_Goal of the exercise_:
Would you retype the listing below word for word, without any of its pictures?

_Given information_:
————————
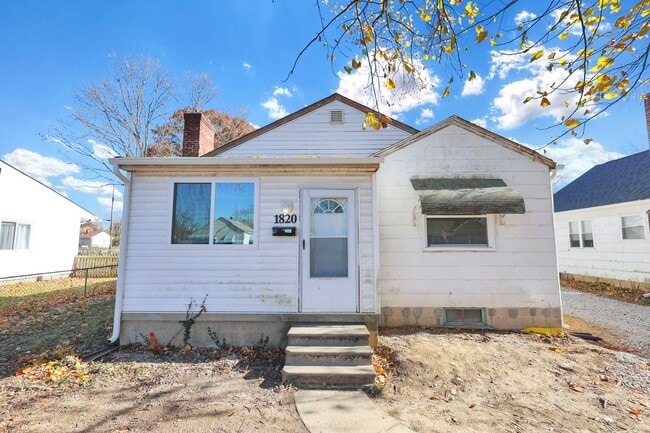 Foto del edificio - 1820 Oakwood Ave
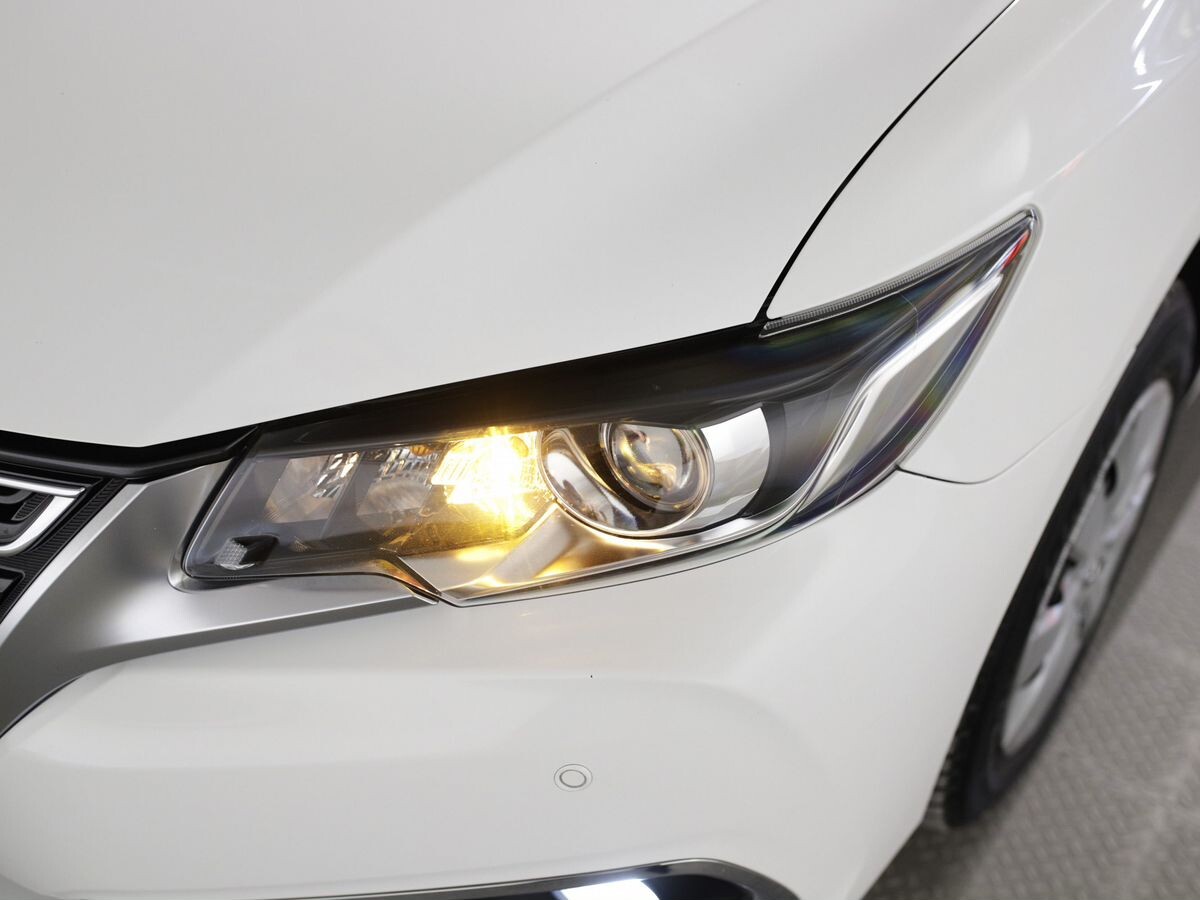 Toyota Premio 2019 - фото автомобиля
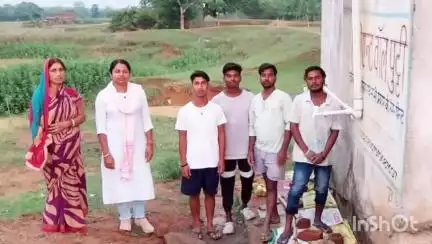 पालोजोरी: पालोजोरी:- जमुआ मुखिया ने खराब पड़े नल को कराया ठीक , #पेयजल समस्या हुई दूर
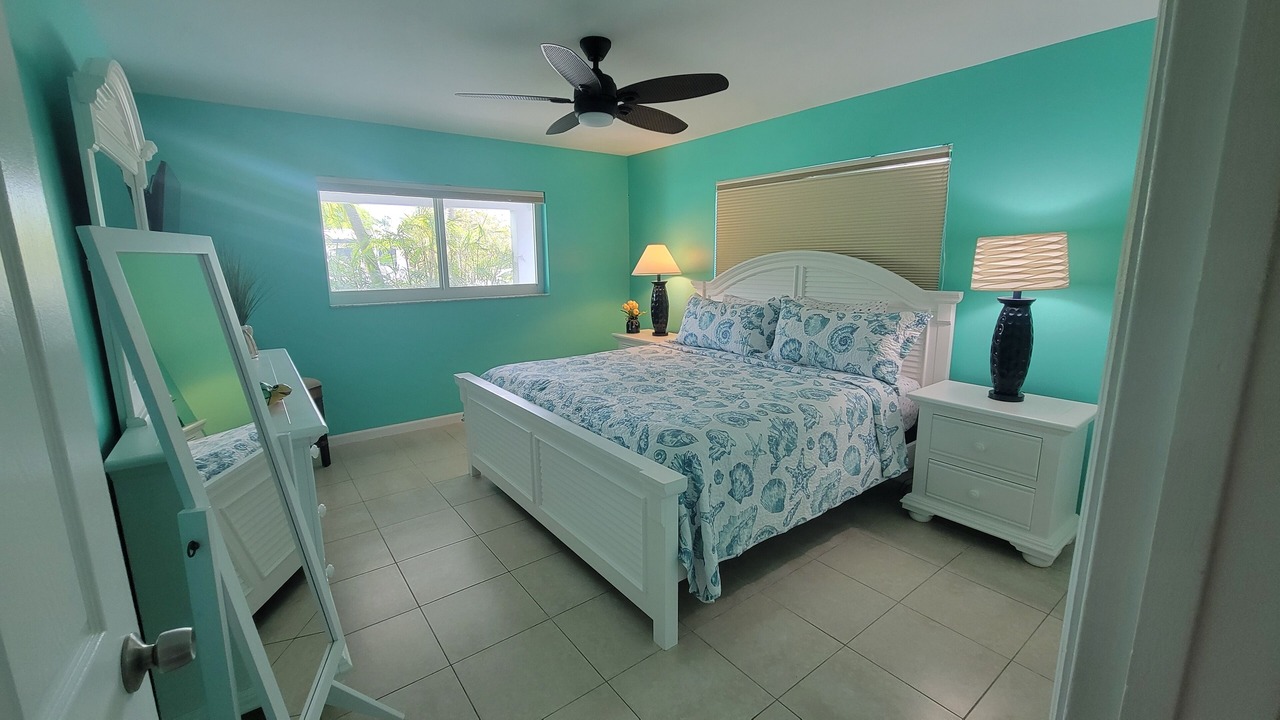 Photo of Bedroom in Midtown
————————
_Answer box_:
 Foto del edificio - 1820 Oakwood Ave
 Toyota Premio 2019 - фото автомобиля
 पालोजोरी: पालोजोरी:- जमुआ मुखिया ने खराब पड़े नल को कराया ठीक , #पेयजल समस्या हुई दूर
 Photo of Bedroom in Midtown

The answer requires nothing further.